Klopp might have had in his mind that Liverpool were playing in the Saturday 1230 fixture this week, against Brighton. Even so, Jurgen, the office you need to lobby is your chairman's, not the tv companies.

As eloquently pointed out by Martin Samuel, BT paid £900 million for the Premier League 'Package A'. When they bid they knew they couldn't pick a fixture involving a team playing in the Europa League on Thursdays. But also preclude the two teams playing in the Wednesday Champions League games and the package would not command the same fee as there would be a risk of not being able to pick enough marquee fixtures.
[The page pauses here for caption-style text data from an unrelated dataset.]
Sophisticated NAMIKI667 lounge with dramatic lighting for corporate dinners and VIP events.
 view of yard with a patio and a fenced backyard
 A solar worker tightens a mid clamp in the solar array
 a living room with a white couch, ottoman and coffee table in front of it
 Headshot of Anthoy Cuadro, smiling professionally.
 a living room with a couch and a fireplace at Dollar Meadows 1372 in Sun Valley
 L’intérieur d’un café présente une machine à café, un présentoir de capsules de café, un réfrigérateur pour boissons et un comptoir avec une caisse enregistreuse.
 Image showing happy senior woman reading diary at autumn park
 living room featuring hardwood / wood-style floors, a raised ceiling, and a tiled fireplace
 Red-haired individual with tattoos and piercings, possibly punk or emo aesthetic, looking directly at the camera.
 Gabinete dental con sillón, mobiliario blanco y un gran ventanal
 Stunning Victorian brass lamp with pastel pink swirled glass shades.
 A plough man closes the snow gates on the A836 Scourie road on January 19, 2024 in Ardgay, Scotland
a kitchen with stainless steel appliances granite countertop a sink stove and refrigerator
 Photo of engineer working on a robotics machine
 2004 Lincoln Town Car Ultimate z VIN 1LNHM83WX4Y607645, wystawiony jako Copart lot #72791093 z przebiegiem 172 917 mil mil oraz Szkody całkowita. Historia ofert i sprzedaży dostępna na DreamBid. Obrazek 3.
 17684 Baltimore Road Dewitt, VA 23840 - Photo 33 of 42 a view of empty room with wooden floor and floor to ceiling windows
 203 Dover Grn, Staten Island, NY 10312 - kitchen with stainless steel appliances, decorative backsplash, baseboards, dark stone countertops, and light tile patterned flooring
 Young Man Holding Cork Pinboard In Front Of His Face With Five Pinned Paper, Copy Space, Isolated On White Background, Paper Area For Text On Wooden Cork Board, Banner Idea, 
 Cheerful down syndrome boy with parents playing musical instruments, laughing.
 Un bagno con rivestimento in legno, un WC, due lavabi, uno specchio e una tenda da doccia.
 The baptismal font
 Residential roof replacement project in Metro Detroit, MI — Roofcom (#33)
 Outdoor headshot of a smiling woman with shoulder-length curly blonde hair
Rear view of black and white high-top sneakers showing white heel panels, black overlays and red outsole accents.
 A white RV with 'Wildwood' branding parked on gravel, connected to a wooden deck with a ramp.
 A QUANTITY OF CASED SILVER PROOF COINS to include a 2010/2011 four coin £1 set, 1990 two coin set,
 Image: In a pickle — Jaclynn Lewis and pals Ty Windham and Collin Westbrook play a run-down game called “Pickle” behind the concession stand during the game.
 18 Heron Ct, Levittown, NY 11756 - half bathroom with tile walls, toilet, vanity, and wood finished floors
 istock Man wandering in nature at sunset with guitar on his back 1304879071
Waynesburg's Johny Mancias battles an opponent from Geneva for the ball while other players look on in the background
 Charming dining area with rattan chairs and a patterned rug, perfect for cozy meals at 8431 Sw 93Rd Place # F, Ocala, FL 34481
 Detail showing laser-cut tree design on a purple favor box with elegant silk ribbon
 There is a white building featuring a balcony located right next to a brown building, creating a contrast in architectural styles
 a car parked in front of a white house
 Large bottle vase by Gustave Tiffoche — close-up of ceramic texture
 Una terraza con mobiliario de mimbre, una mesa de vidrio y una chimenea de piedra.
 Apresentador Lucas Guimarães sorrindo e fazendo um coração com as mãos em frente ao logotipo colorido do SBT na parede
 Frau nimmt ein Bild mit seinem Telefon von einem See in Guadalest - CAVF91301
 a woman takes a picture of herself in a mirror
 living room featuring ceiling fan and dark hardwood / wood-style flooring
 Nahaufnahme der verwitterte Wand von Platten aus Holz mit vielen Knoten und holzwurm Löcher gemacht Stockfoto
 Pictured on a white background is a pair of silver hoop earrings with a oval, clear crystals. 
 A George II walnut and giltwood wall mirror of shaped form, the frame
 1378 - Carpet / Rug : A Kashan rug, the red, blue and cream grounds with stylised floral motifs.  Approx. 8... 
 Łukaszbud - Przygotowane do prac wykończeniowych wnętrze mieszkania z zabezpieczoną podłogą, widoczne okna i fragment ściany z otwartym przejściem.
The 1230 timing works well for the home market and several eastern time zones, tapping into lucrative Asian afternoon and evening markets. The Premier League, perhaps egged on by the tv companies, packaged it that way to maximise revenue. So blame the club chairmen, not the tv companies, Jurgen.

The contract runs, I think, until 2023. Change it now if you want Jurgen. Get John Henry to talk with the Glazers. You'd have to give some money back. Don't expect the likes of Brighton to take less, as it's no skin off their nose to play at 1230. So the four Champions League clubs would have to take the hit. Fat chance. 

Jurgen doubled down yesterday after Brighton got a late equaliser in the 1230 match. Liverpool had lost Milner to injury and Klopp sarcastically congratulated BT's Des Kelly interviewing him, noting that Liverpool have had the most 1230 kick offs among Premier League clubs, with three. FYI Jurgen, by the end of the cycle of current picks in December Liverpool will still have had three, along with Man United. Everton will have had four.

Kelly more than stood his ground, noting that Klopp was going for the wrong target - the chief executives of the clubs had to have the discussion. Klopp's argument evolved to these being difficult times, to which Kelly's rejoinder was that they are, stadia are empty and the broadcasters are supporting the game. Klopp said it would be the same for 3pm or 5.30pm kick offs. Again off target: 5.30 is too late for much of Asia and the League has never sanctioned televised matches at 3pm on a Saturday. This predates the Premier League era, stretching all the way back to Burnley's chairman Bob Lord in 1960, to avoid threatening live attendances across the divisions at the traditional kick off time. The broadcasters are indeed supporting the game and without them the Premier League would be in a pickle.

The only thing Kelly didn't say was that the clubs would get less money with restrictions on 1230 kick off picks. I'd have liked to hear him ask Klopp whether Liverpool would be happy with that.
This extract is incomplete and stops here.